Eduardo Sampaio – Nelson Rodrigues, o Sobrenatural de Almeida

Criado pelo eterno pó-de-arroz Nelson Rodrigues, o Sobrenatural de Almeida é a melhor definição do que às vezes ocorre dentro das quatro linhas. No entanto, acredito que cansado da violência carioca, da guerrilha urbana, ele resolveu mudar-se para a Bahia assim que Nelson faleceu.

Deve ter andado escondido por aqui por um bom tempo, mas fanático por futebol que é nunca deixava de comparacer a algum jogo, nem que fosse pelada de praia.

Estaria ele na Fonte Nova quando Fito chutou aquela bola que explodiu no peito de Gelson e caiu dentro do gol? Estaria ele nas arquibancadas quando Toninho Taino selou o 5×0 contra o Santa Cruz? E quando Raudinei acertou aquele chute em 94, por certo Sobrenatural estava na Fonte.

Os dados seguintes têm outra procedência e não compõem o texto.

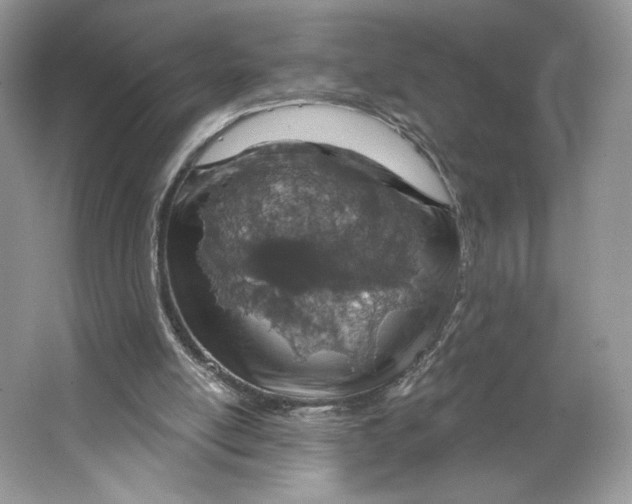 X0000064760054200603031810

Porque o sobrenatural só acontece com times do povo, não adianta achar que pode acontecer com o São Paulo ou com o Botafogo, esse tipo de coisa só acontece com Flamengo, com Corinthians e, lógico, com o Bahia. Times da elite ou de elite são tão aristocráticos quanto previsíveis, você já sabe no começo do jogo se o time vai ganhar, perder ou empatar, não existe aquele elán, aquele lance mágico.

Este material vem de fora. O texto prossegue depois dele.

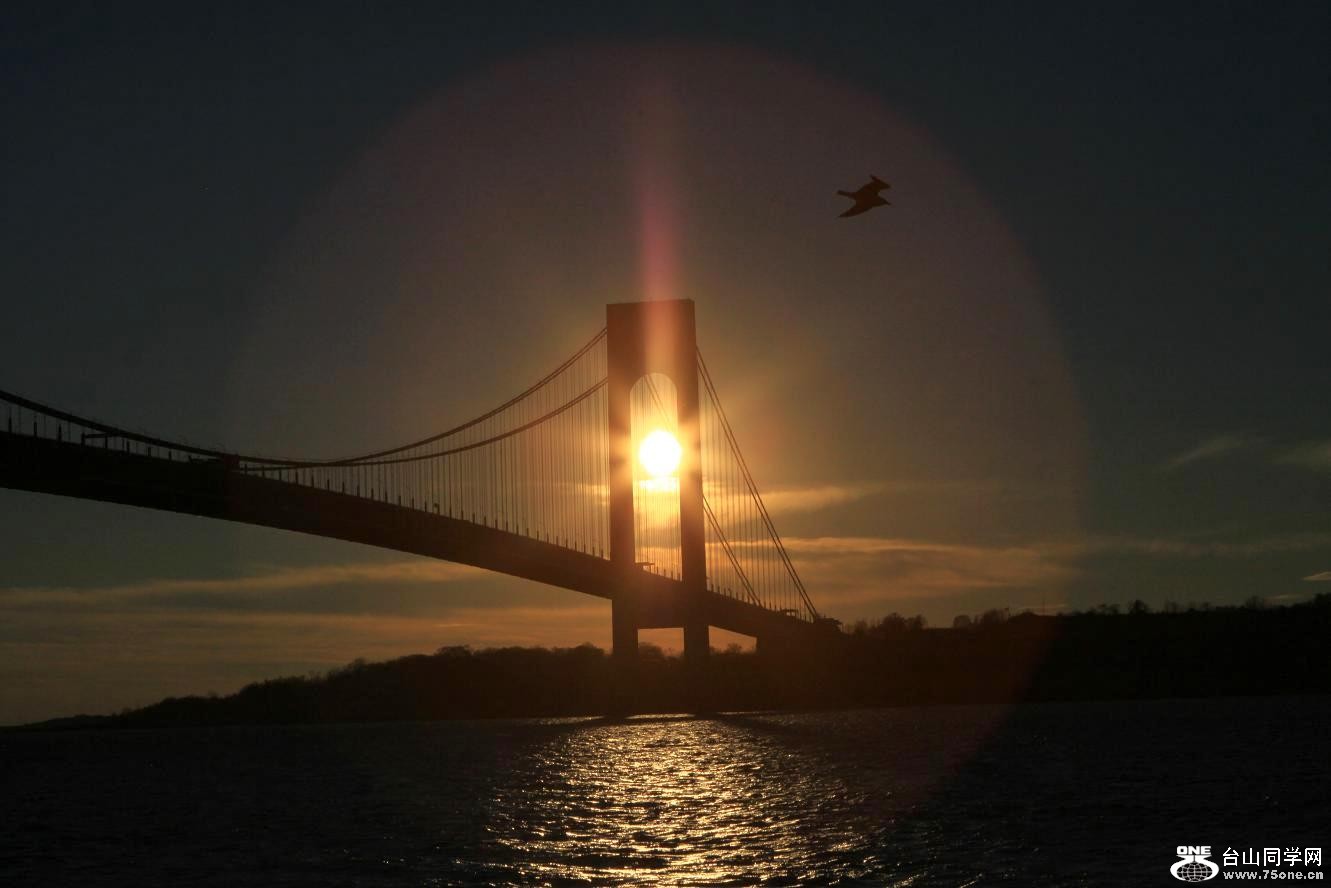 �}�u -IMG_7731.jpg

E mais uma vez Sobrenatural, mesmo cansado de tanta humilhação, juntou-se às quase 9 mil testemunhas que foram ao jogo neste domingo; em condições normais, jogo pra 40 mil, mas nem mesmo o mais sonhador poderia imaginar que seria assim; ele poderia supor que seria, mas não assim.

Radinho no ouvido, seu Almeida estava lá quieto no seu canto, amaldiçoando o Rio Negro de tal forma que este não só perdeu um pênalti como foi incapaz de derrotar um time com apenas 3 titulares dentro dos seus domínios e no qual não havia perdido uma partida sequer.

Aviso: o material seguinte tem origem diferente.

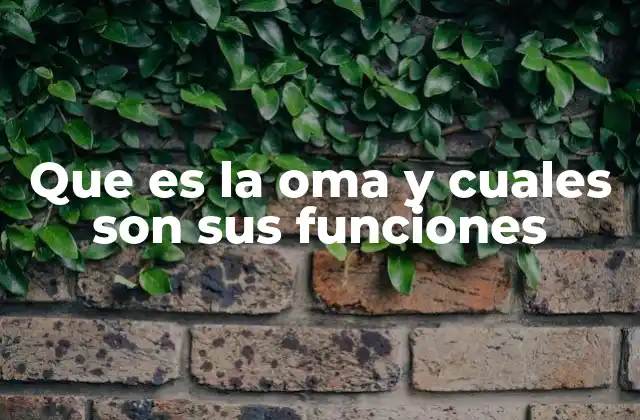 Que es la Oma y Cuales Son Sus Funciones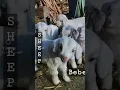 Suara kambing,embek!?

Seu Almeida praguejou tanto que o juiz expulsou dois jogadores manauaras – um sem qualquer sentido; deixou de marcar um pênalti contra absurdo e clamoroso aos 45 do segundo tempo; e ainda deu 6 minutos de acréscimo – uma situação rara, nunca vista, apenas quando a luz apagava ou havia uma invasão de campo.

E ainda cruzou os dedos pra quase quebrar quando aquele jogador do Fast se viu sozinho diante do gol e jogou a bola no Dique… Impossível não dedicar esta vitória épica – por mais que a gente seja contra a direção do clube, o feito merece de fato uma exaltação, e nem por isso eu vou virar torcedor de carteirinha de novo, pelo menos ainda não! – ao Sr. Sobrenatural de Almeida, que roubou a bola no meio de campo, esticou para Marconi, deste para Carlos Alberto e daí um chute seco, desesperado que passou no meio de 12 pernas e se ofereceu para Charles arrematar aos 50 minutos de jogo.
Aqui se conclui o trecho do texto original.